INPUT RECORDS —

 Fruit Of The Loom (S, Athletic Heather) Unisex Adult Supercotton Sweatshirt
* * *
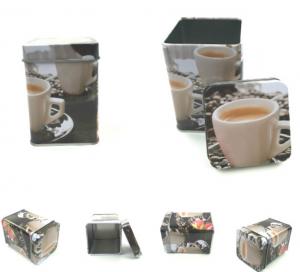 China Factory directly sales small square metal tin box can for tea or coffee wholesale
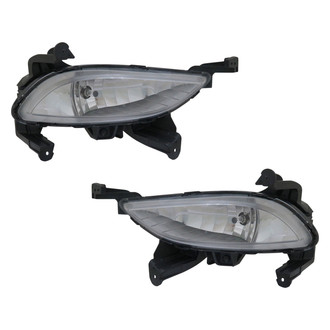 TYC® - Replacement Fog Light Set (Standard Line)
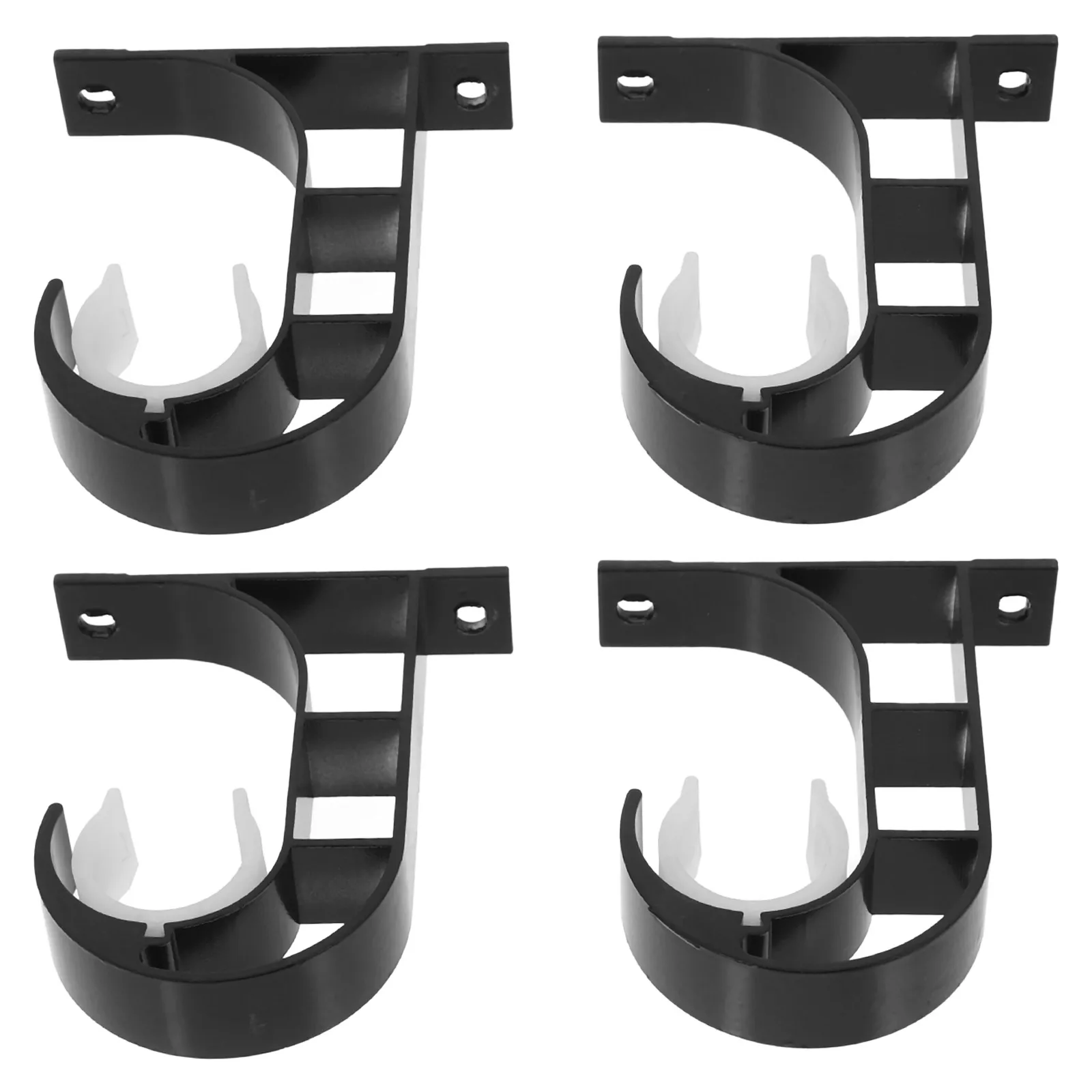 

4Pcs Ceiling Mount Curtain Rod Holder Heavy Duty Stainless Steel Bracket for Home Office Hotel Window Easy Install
---
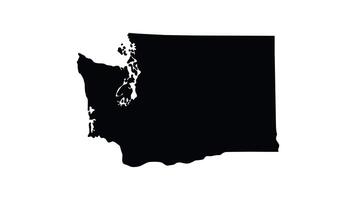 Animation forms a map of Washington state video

BRIEF —
Please return the data above exactly as it stands from the line with "TYC® - Replacement" to the line with "4Pcs Ceiling Mount", keeping both of those lines but none of the pictures.

WRITTEN ANSWER —
 TYC® - Replacement Fog Light Set (Standard Line)

4Pcs Ceiling Mount Curtain Rod Holder Heavy Duty Stainless Steel Bracket for Home Office Hotel Window Easy Install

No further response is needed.